→ Problem description
Set down exactly, from the records below, the line with "Person using a" through the line with "a kitchen with white", and nothing else.

Start of Block

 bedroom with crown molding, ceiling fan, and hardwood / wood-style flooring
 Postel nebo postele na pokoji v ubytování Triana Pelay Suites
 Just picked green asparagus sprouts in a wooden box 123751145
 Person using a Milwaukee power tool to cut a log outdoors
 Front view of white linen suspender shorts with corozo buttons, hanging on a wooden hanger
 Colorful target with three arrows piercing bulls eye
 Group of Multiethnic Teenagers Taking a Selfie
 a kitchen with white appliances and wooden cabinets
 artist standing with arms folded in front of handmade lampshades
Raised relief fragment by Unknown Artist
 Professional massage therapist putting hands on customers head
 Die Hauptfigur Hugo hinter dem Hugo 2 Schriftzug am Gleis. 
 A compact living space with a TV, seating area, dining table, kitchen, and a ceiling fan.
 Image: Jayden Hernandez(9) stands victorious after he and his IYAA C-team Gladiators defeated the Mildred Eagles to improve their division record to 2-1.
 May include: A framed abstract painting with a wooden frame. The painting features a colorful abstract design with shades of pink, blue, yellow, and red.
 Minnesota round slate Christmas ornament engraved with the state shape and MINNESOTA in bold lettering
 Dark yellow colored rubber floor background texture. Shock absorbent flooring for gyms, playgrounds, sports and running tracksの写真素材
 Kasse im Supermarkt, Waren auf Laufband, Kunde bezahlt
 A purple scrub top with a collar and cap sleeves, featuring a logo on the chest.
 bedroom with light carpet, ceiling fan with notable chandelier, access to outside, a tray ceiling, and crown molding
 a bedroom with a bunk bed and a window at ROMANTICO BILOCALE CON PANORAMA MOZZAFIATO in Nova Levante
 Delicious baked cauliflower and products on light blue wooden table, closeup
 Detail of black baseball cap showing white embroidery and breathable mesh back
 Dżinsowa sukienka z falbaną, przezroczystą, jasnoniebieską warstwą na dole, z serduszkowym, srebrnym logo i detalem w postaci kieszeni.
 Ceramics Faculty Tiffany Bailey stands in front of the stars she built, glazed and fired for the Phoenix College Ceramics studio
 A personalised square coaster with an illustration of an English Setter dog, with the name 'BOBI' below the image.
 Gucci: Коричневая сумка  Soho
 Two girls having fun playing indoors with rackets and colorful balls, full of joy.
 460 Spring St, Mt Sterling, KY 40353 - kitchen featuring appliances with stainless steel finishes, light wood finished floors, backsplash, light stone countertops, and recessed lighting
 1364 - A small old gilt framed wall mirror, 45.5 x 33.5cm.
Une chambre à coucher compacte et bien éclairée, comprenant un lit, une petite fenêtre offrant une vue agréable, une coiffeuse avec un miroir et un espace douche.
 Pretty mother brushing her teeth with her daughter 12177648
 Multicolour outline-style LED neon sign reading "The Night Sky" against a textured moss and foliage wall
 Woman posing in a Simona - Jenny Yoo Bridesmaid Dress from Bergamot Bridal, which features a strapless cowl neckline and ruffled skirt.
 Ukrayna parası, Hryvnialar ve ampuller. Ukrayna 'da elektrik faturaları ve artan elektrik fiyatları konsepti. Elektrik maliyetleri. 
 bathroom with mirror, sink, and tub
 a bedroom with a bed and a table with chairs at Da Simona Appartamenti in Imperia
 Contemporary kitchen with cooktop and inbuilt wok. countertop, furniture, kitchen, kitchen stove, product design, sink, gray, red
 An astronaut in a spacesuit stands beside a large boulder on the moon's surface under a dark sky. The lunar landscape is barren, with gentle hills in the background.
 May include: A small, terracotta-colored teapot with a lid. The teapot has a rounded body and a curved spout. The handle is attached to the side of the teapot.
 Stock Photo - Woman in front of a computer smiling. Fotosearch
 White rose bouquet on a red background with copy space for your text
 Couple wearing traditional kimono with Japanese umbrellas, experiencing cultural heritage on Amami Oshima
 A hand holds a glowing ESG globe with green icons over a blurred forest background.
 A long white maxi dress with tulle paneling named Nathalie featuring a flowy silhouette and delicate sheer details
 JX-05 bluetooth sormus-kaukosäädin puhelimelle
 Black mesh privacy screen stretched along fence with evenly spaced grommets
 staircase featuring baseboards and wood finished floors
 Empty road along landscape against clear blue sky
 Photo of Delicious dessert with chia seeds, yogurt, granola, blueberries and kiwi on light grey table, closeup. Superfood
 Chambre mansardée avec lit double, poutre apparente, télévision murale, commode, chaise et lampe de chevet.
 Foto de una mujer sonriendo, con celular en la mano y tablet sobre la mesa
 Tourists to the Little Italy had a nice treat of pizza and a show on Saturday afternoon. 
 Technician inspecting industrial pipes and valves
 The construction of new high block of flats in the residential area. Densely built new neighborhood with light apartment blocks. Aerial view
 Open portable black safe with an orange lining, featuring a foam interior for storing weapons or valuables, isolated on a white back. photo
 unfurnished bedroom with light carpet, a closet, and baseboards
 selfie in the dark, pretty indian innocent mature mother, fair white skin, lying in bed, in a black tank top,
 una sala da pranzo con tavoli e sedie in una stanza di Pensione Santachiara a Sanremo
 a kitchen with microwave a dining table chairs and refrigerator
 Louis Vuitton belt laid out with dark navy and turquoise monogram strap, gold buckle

End of Block

→ Answer to this exercise
 Person using a Milwaukee power tool to cut a log outdoors
 Front view of white linen suspender shorts with corozo buttons, hanging on a wooden hanger
 Colorful target with three arrows piercing bulls eye
 Group of Multiethnic Teenagers Taking a Selfie
 a kitchen with white appliances and wooden cabinets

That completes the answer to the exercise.